[Short web captions]
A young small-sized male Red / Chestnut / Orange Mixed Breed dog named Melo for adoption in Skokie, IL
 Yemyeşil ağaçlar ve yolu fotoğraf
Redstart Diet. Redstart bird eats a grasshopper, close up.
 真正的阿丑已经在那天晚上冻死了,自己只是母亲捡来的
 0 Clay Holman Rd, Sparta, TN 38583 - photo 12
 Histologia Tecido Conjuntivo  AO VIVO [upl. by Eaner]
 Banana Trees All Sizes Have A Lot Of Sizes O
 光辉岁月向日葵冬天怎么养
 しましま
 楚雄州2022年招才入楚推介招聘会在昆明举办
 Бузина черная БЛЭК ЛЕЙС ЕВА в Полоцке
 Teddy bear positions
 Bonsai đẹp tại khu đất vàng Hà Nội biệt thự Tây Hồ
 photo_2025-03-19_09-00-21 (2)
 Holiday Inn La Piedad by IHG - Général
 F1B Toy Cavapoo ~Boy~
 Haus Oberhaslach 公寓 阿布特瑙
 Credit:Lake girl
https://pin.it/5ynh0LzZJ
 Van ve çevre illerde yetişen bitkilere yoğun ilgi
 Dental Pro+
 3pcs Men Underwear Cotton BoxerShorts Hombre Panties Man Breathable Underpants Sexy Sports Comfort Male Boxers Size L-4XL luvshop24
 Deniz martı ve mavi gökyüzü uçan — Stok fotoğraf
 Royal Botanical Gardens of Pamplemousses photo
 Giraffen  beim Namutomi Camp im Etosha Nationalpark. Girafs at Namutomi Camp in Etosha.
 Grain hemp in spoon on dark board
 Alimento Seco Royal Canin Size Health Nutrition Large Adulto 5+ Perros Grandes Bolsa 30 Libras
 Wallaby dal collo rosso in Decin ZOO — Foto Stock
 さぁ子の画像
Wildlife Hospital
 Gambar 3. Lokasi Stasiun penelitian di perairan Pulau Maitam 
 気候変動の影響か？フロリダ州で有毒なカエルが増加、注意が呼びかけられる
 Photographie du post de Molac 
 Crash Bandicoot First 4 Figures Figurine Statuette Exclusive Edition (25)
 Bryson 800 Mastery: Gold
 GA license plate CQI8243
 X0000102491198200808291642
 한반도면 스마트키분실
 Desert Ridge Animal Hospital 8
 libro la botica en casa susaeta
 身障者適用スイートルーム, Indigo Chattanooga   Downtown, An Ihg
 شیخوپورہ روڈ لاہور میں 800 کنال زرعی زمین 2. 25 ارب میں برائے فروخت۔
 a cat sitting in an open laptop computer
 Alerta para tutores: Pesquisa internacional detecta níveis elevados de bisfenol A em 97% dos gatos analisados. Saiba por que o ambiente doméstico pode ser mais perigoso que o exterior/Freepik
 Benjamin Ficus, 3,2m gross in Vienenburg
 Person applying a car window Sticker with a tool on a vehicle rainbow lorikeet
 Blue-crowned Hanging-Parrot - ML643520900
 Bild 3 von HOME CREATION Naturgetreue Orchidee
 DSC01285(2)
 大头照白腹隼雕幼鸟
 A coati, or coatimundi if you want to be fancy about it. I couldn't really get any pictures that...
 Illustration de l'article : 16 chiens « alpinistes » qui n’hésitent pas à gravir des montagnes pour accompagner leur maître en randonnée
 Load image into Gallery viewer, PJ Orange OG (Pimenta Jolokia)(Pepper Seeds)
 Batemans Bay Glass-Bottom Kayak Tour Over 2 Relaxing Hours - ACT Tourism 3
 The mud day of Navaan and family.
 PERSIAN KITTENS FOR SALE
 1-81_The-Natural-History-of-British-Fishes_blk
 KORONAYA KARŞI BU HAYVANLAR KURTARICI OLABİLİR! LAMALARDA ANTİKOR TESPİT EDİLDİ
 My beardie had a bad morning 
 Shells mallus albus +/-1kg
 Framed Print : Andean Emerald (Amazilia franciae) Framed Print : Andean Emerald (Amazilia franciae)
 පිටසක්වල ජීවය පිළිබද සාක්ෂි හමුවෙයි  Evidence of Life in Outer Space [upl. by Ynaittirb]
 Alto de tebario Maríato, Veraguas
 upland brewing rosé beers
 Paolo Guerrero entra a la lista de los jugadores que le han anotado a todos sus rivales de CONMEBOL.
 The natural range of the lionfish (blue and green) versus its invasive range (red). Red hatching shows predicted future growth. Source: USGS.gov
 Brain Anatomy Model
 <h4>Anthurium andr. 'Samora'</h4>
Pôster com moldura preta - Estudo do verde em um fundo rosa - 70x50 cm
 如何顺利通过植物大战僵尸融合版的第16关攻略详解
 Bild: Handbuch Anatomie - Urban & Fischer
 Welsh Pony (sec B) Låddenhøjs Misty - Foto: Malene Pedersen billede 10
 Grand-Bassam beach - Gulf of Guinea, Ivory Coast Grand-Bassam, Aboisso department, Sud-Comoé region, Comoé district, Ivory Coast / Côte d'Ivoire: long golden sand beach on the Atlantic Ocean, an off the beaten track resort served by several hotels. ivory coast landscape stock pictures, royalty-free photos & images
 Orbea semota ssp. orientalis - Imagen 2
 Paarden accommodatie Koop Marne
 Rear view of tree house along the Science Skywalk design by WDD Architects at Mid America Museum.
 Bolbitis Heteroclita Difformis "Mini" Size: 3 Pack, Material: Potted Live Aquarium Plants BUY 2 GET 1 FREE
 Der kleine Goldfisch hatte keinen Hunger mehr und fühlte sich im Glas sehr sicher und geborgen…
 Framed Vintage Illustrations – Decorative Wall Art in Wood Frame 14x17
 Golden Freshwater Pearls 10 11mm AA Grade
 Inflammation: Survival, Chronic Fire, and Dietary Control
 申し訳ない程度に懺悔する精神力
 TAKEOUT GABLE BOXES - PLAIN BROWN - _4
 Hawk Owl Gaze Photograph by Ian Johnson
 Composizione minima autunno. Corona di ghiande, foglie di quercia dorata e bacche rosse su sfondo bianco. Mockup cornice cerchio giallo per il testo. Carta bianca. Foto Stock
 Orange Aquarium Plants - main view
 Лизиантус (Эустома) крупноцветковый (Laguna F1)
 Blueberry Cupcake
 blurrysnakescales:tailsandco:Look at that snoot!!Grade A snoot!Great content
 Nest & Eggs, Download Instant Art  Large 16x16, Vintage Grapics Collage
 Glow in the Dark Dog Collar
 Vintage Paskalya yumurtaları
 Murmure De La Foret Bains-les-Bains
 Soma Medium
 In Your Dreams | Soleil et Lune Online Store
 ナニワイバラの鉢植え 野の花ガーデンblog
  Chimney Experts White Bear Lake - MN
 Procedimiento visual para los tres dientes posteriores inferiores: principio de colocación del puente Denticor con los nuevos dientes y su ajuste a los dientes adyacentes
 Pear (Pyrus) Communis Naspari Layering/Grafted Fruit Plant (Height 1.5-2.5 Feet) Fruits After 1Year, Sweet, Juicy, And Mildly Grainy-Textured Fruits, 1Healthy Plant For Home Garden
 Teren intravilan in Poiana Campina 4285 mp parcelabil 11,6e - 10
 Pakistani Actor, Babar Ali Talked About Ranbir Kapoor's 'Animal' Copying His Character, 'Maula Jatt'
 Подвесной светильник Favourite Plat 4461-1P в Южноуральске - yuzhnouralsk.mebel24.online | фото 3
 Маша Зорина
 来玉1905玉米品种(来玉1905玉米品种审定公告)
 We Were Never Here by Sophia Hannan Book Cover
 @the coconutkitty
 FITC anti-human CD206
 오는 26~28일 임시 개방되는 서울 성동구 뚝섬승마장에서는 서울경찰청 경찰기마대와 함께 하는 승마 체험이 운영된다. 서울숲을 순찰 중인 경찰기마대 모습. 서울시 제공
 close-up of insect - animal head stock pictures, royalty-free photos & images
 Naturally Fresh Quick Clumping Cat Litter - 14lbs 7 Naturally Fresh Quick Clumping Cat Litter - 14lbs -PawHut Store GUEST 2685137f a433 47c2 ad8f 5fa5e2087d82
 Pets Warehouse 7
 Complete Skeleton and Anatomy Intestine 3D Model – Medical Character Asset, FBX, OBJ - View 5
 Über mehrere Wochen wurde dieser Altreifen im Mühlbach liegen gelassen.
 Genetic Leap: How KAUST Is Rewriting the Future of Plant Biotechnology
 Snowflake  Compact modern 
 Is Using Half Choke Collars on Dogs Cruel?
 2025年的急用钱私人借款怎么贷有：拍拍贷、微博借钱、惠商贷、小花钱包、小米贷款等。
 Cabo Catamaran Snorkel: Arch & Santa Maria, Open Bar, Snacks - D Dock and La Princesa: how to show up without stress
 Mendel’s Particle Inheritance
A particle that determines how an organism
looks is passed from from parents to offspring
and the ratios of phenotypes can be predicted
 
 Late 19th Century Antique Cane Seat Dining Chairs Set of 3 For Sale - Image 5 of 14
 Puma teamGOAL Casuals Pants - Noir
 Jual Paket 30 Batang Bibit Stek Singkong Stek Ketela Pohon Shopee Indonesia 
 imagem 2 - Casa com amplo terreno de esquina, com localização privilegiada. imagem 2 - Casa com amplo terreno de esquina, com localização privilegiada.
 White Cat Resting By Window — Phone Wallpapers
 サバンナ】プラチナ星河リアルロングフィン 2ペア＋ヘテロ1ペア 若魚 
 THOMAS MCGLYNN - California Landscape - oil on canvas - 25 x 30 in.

* _PROMPT_
Which lines above hold the word "Plants"? Copy each of them.

* _RESULT_
 Bolbitis Heteroclita Difformis "Mini" Size: 3 Pack, Material: Potted Live Aquarium Plants BUY 2 GET 1 FREE
 Orange Aquarium Plants - main view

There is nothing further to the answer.